Quanto alla pretesa violazione dell’art. 132 c.p.c. (rectius, del D.Lgs. n. 546 del 1992, art. 36), il mezzo è invece infondato, reputando la Corte che la motivazione della sentenza impugnata sia sufficientemente rispettosa del c.d. minimo costituzionale (v. Cass., Sez. Un., n. 8053/2014). Il giudice d’appello, infatti, ha nel complesso valutato tutti gli elementi di anomalia dell’intera operazione (elencati e collegati logicamente nel capo che inizia e termina, rispettivamente, con le parole “Dai rapporti” e “frode fiscale”), per poi ribadire il carattere indebito dei benefici così tratti dalla stessa Framo, già espresso dal giudice di primo grado. Si tratta, dunque, di motivazione (anche) per relationem, certamente non in contrasto col disposto del D.Lgs. n. 546 del 1992, art. 36, e tutt’affatto che priva di vaglio critico, come pretenderebbe la ricorrente.

5.1 – In definitiva, il ricorso è rigettato. Le spese del giudizio di legittimità, liquidate come in dispositivo, seguono la soccombenza.
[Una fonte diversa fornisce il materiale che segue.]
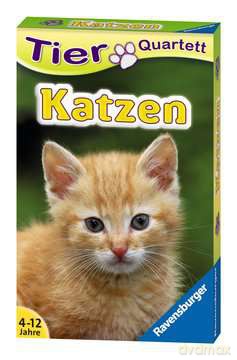 Tier-Quartett - Katzen (Kwartet Zwierząt Koty)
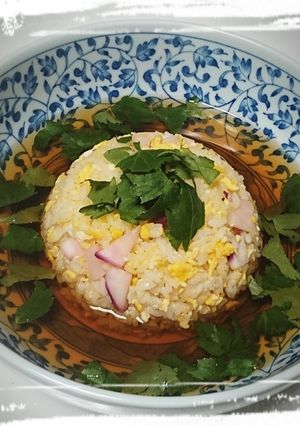 赤カブ漬けのスープチャーハン-レシピのメイン写真
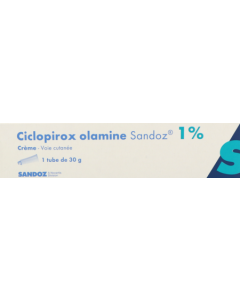 Ciclopirox Olamine Sandoz 1% Crème 30g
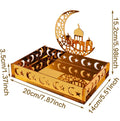 Decoraciones de mesa de acrílico espejo — Ramadán y Eid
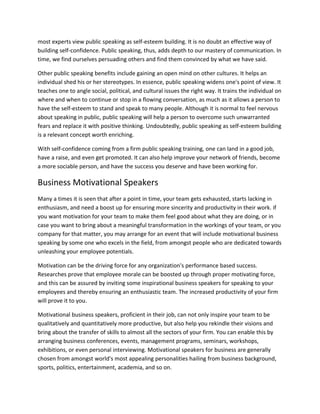 Art of public speaking | DOC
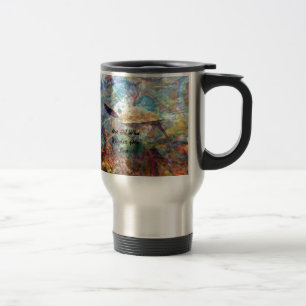 Not All Those Who Wander Inspirational Quote Travel Mug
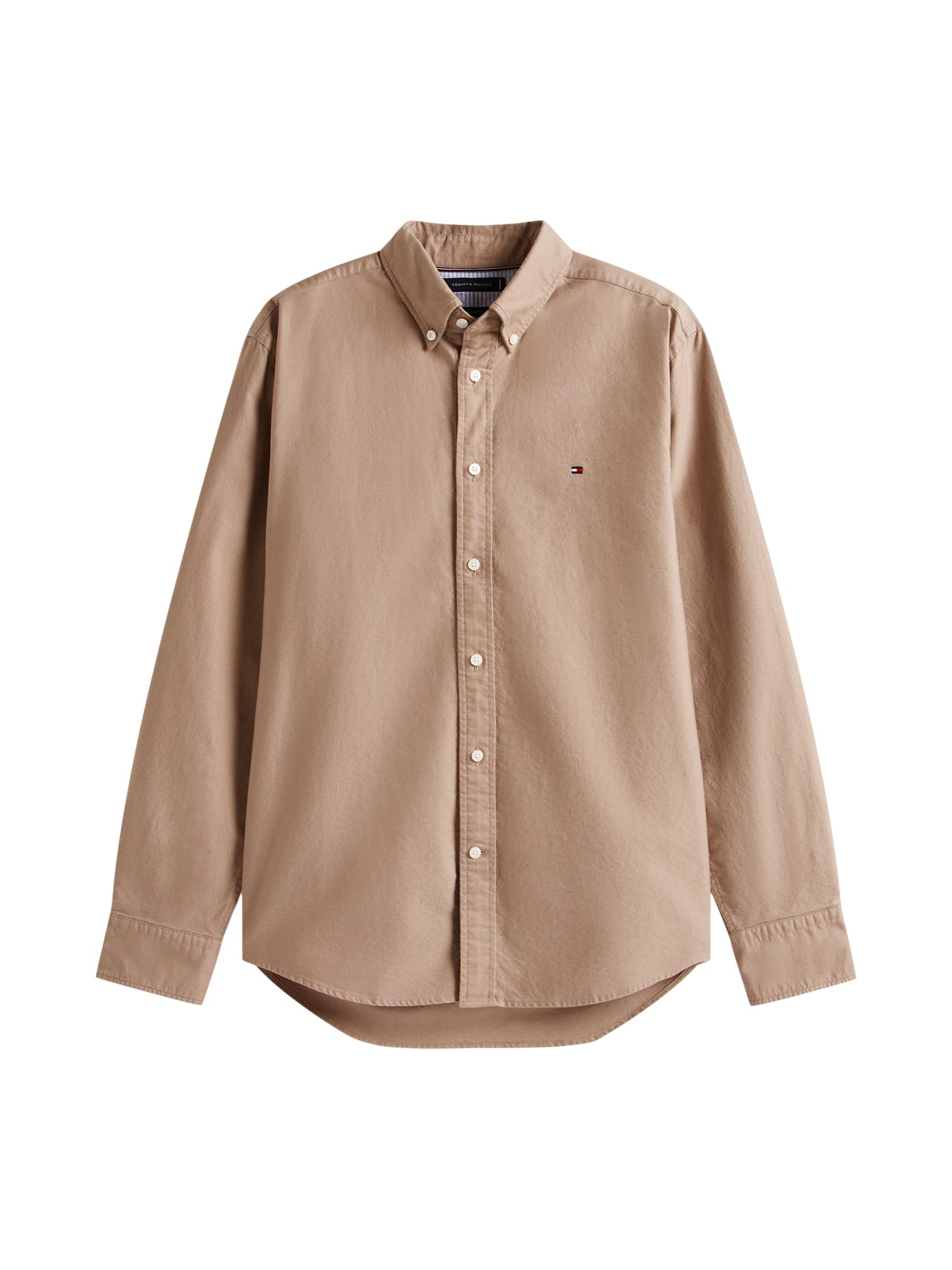 Regular Fit Flag Embroidery Oxford Shirt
In relazione alla data di proposizione del ricorso per cassazione (successiva al 30 gennaio 2013), può darsi atto dell’applicabilità del D.P.R. 30 maggio 2002, n. 115, art. 13, comma 1-quater (nel testo introdotto dalla L. 24 dicembre 2012, n. 228, art. 1, comma 17).

P.Q.M.

la Corte rigetta il ricorso e condanna la ricorrente alla rifusione delle spese del giudizio di legittimità, che liquida in Euro 50.000,00 per compensi, oltre spese prenotate a debito.

Ai sensi del D.P.R. 30 maggio 2002, n. 115, art. 13, comma 1-quater, dà atto della sussistenza dei presupposti processuali per il versamento, da parte della ricorrente, di un ulteriore importo a titolo di contributo unificato pari a quello dovuto per il ricorso principale, a norma dello stesso art. 13, comma 1-bis, se dovuto.

Così deciso in Roma, nella camera di consiglio della Corte di cassazione, il 25 febbraio 2020.